Launched in 2017, Wahed is considered one of the most successful Islamic economy start-ups. Its portfolio includes its two ETFs in the US and halal workplace, pension portfolios for UK employees. Wahed has a presence in nine jurisdictions including operating licences in the US, UK and Malaysia. In June 2020, Wahed secured $25 million in a funding round led by the VC arm of Saudi Aramco. Wahed said it has over 250,000 customers globally, as of January 2022.
Bedford Row Capital’s Levy said that Wahed set an example of what can be possible in Islamic fintech and showed the path for others. [However], it also showed what happens when you have gaps and become overstretched,” he said. “It should give fintechs and other Islamic start-ups a lesson of what needs to be done in terms of compliance and reporting. As well as that it could give an opportunity to newer fintechs of how they will do things differently.”
Lessons for Islamic fintechs and start-ups
A key lesson for all Islamic start-ups is that they comply not only with Sharia but also with local laws and regulations.
“Islamic fintech or Islamic orientated start-ups mostly have global ambitions,” said Reza Jaufeerally, a former lawyer and CEO of noHunger, a Luxembourg-based social enterprise start-up. “They should abide by the requirements of the various regulators of the jurisdictions where they intend to operate.”
Paul Kayrouz, Head of FinTech & Emerging Technologies at PwC Middle East, said that it is also important for Islamic fintechs and Islamic oriented start-ups to have adequate policies and controls to ensure that their investment activities and service offerings remain Sharia compliant on an ongoing basis.
“In asserting themselves as being Islamic fintechs and Islamic oriented start-ups, it would be mandatory that they ensure that they are Sharia compliant, failing to do so will be construed as misleading customers,” he said.

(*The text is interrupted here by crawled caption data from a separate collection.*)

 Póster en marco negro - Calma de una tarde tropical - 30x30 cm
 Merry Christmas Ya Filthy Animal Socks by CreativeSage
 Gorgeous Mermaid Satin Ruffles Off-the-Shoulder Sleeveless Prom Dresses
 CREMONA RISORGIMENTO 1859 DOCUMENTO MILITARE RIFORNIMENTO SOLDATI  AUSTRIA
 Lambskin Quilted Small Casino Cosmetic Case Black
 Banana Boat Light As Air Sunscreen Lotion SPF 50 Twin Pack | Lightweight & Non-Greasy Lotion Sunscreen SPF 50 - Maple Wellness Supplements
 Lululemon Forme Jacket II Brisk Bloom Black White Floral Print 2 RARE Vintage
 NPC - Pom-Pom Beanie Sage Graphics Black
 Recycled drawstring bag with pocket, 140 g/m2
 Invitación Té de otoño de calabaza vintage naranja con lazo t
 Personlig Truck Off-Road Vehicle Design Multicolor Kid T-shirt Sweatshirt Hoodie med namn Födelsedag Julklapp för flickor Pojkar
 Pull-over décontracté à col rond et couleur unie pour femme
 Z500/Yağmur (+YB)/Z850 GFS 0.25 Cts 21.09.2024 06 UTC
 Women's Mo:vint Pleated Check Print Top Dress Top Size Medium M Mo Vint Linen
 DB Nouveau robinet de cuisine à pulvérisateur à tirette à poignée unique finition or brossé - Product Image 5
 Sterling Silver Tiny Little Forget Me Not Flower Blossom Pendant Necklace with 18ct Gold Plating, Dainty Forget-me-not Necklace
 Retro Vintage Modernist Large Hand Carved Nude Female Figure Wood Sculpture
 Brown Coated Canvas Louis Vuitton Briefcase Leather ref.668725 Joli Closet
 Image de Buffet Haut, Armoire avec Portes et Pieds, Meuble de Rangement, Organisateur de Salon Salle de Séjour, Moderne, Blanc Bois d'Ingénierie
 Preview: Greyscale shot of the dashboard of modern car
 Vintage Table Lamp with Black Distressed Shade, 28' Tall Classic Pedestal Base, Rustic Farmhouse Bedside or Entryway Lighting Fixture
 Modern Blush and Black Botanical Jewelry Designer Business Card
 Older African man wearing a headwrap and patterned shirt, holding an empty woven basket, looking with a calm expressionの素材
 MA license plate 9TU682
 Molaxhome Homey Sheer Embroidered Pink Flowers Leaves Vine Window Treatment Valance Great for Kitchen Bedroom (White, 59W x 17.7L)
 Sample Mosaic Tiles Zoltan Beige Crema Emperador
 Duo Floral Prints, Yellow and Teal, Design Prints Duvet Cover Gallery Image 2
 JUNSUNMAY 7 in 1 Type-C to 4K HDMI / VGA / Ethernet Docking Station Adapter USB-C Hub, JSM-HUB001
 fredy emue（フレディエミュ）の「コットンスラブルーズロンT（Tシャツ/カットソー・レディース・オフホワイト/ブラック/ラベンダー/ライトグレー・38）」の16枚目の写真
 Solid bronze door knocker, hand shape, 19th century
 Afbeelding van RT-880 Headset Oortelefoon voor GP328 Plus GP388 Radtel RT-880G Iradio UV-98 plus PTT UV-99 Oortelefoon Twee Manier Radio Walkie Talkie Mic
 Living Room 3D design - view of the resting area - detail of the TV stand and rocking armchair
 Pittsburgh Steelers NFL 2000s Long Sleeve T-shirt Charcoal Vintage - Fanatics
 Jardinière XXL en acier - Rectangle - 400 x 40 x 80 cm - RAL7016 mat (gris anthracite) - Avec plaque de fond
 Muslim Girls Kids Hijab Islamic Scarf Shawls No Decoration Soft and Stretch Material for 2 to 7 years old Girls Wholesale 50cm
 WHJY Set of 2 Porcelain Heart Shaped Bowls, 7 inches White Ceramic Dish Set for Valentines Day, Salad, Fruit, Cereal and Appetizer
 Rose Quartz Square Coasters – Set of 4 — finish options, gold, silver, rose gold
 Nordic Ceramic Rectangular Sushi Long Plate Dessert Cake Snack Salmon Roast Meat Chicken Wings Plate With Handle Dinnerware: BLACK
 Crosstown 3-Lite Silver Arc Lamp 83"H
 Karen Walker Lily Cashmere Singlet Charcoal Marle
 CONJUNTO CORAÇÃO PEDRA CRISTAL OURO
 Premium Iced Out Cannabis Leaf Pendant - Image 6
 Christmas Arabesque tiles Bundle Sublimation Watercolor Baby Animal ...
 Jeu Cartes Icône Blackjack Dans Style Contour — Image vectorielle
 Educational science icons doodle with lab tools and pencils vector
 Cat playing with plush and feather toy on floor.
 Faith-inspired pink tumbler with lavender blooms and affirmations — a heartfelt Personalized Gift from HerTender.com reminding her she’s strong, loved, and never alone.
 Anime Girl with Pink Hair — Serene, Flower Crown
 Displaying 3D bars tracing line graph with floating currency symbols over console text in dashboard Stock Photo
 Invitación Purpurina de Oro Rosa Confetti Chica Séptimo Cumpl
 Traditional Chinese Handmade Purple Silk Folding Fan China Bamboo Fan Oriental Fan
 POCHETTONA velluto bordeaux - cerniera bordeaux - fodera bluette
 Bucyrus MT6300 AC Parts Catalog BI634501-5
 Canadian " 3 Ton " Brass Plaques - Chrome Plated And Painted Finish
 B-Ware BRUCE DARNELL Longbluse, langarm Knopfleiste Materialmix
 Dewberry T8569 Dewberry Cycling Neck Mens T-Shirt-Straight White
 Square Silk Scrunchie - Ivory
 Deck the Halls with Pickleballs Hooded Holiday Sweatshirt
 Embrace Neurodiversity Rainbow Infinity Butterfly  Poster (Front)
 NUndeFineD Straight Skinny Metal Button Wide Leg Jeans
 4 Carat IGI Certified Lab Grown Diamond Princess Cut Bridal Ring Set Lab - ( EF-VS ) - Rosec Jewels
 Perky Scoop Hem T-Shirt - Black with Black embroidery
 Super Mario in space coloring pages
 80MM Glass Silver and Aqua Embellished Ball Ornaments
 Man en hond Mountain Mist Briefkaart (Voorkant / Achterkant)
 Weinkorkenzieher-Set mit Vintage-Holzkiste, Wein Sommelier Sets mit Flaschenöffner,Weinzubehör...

One practitioner who covers both Islamic finance and fintech for a GCC-based financial centre, said that fintechs need to be more diligent when it comes to compliance and governance.
“The best way to learn is from others mistakes, this is a free lesson for the rest,” he said. “Most fintechs operate in a regulated environment in one way or another, understanding the regulatory framework and having the proper governance internally to abide by these regulations is of utmost importance and is an integral part of the success of fintechs.”
Lessons for customers and investors
Perhaps one of the biggest lessons for other Islamic start-ups will be the importance of gaining, sustaining and maintaining customer and user trust in a product or service.
Blake Goud, CEO of the RFI Foundation said that it's hard for investors and customers to understand how to react to a regulatory action like this, but it is likely to prompt questions about what happened, what impact did it have on customers, and what was done to fix the situation.
“It's never good for a business to have regulators identify deficiencies leading to financial penalties, and customers should try to understand the answers to these questions to see if it's an issue that happened and was corrected, or if it's evidence of systematic issues with the business' culture,” he said.
Meanwhile, the practitioner at the GCC financial centre said that it would be unfair for the Wahed scenario to have a negative impact on other Islamic fintechs and start-ups from an investor perspective.
“The incident could drive investors to pay more attention to details pertaining to compliance and governance when evaluating potential projects, but shouldn’t impact their appetite for the sector as this doesn’t impose a fundamental challenge,” he said.
PwC’s Kayrouz said that investors should review documentation of Islamic fintechs to ensure that their investment activity is Sharia compliant and that they have processes to ensure such compliance continues.
“To adapt to this, Islamic start-ups should provide investors with their documentation evidencing how they are Sharia compliant and how they shall remain Sharia compliant going forward,” he said.